Identifying faunal remains using visual and tactile cues is a complex task that requires extensive knowledge of vertebrate anatomy8. Identifications to taxon are generally more secure when the specimens can be compared to a reference collection that includes a wide range of species and animals from both sexes and from various age classes9,10. However, extensive fragmentation often impedes taxonomic identification by removing critical landmarks from the specimen and/or by reducing the cross-section that can be examined.

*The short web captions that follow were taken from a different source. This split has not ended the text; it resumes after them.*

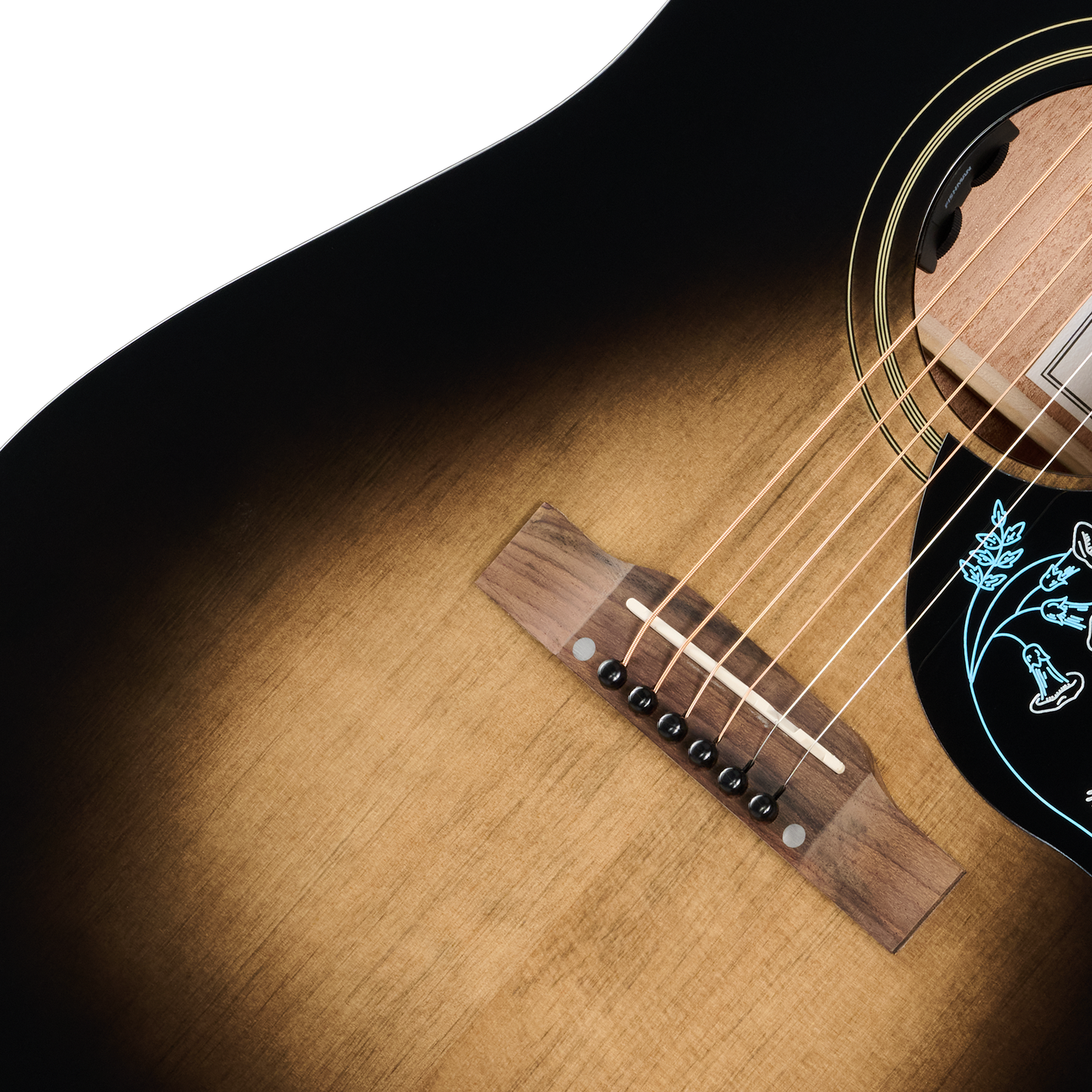 Epiphone Eric Church Hummingbird Dark Acoustic Electric Guitar - Cobra Burst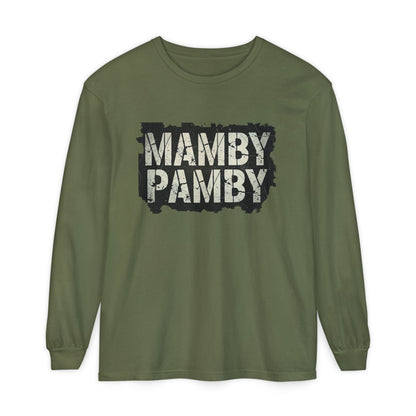 Mamby Pamby Long Sleeve T-Shirt (Mult Colors)
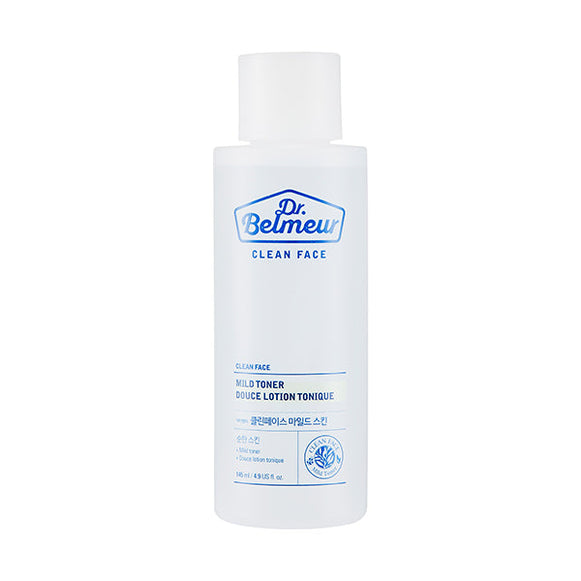 DR.BELMEUR Clean Face Mild Toner 145ml disponible sur Ma petite Coree, ton Eshop 100% K-beauty en direct de Seoul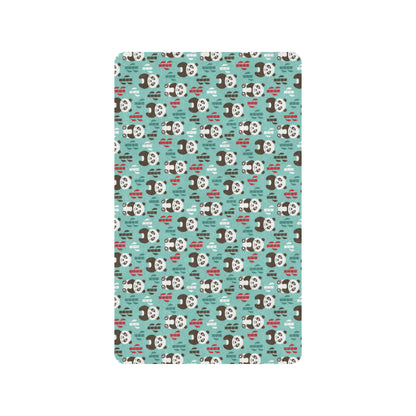 Panda Bear Cute Themed Print Rubber Doormat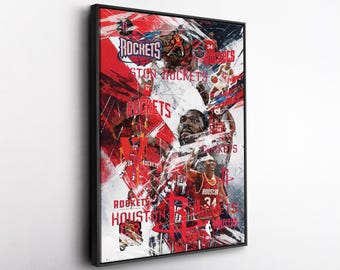 Hakeem Olajuwon Clyde Drexler Charles Barkley Houston Rockets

To circumvent problems of identification caused by fragmentation, alternatives to traditional methods based on skeletal morphology (hereafter, referred to as the morphological method) have been developed. One of these approaches is collagen fingerprinting, more accurately a form of peptide mass fingerprinting commonly referred to as ZooMS (short for Zooarchaeology by Mass Spectrometry). As the name implies, collagen fingerprinting utilizes collagen—the dominant protein in modern bone—and what is considered the longest surviving protein in ancient skeletal tissue11, commonly outlasting ancient DNA preservation12. The method relies on the successful extraction of collagen, either the acid-soluble fraction brought into solution upon the decalcification of the bone mineral13 and its ultrafiltration into a buffer suitable for enzymatic digest, or the acid-insoluble fraction which is then brought into solution through gelatinization directly within such a buffer14. The buffered collagen extract is then digested into protein fragments called peptides using an enzyme, most commonly the protease trypsin. Some portion of the resultant digest (sometimes following some form of purification) is then co-crystalised with a laser-absorbing matrix, such as alpha-cyano hydroxycinnamic acid, ready for analysis by Matrix Assisted Laser Desorption Ionization Time-Of-Flight (MALDI-ToF) mass spectrometry. The spectra that are generated represent the dominant peptides within a sample, almost entirely derived from type I collagen when the sample contains bone. These spectra are then compared with those of known reference materials, with a focus on a number of peptide biomarkers used to assess potential matches between the test sample and the reference species.

Few studies have compared the morphological and collagen fingerprinting approaches from a methodological perspective. In the morphological approach, identification should in principle proceed in a random fashion; the entire sample is tentatively identified regardless of specimen size, type or morphology (but see refs.15 and9 for other approaches to faunal identification that are focused on specific skeletal portions). As an independent method, collagen fingerprinting has considerable potential because it can help to address how the morphologically identified sample relates to the deposited assemblage. However, a relatively small proportion of remains is typically selected for collagen fingerprinting because costs and other constraints—the method is destructive (but see emerging non-destructive approaches, e.g.,16—limit the number of specimens that can be analyzed. One additional problem is that archaeozoologists who are selecting specimens for ZooMS may instinctively sample remains with more robust morphological identifications to avoid mismatches between the two methods. Biases toward more secure identifications are to be expected due to natural apprehensions regarding the production of errors in science17. Furthermore, a focus on certain classes of specimens in ZooMS sampling (e.g., specimens that are morphologically identified to taxon and rare species or species difficult to identify using the morphological approach) may produce taxonomic biases because the sampling process is no longer random in nature.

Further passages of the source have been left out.